### Exercise instructions:
Copy, exactly and without additions, every line in the records below from the one holding "Saiba como funcionam" through the one holding "Immunohistochemistry - TSC22D3", both ends included.

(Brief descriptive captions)

◇ ◇ ◇ ◇

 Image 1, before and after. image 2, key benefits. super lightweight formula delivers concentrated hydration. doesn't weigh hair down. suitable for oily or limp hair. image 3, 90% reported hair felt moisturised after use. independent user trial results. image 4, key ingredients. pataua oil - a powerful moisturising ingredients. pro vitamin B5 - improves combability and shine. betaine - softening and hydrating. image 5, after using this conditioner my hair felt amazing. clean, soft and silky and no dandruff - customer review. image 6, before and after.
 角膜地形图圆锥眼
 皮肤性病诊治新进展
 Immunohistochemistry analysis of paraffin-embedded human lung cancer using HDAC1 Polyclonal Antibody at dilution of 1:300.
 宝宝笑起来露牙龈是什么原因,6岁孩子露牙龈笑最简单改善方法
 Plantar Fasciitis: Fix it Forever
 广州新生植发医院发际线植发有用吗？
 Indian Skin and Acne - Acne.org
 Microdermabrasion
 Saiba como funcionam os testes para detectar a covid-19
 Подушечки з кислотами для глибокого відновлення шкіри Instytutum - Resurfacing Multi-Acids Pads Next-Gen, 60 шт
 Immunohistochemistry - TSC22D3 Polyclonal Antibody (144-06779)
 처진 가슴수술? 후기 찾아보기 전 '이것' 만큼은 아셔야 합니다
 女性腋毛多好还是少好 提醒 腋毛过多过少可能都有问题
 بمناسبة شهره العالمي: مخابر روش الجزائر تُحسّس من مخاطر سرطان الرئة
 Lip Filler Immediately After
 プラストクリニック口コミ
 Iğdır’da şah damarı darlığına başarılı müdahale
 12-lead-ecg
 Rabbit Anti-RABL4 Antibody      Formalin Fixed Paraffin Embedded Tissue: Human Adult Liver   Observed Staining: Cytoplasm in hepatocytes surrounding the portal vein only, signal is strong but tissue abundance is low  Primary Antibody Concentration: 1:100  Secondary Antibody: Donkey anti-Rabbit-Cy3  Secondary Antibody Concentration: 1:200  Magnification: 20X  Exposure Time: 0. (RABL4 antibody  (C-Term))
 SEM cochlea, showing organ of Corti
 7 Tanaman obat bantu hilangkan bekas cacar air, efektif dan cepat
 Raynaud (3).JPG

◇ ◇ ◇ ◇

### Final answer:
 Saiba como funcionam os testes para detectar a covid-19
 Подушечки з кислотами для глибокого відновлення шкіри Instytutum - Resurfacing Multi-Acids Pads Next-Gen, 60 шт
 Immunohistochemistry - TSC22D3 Polyclonal Antibody (144-06779)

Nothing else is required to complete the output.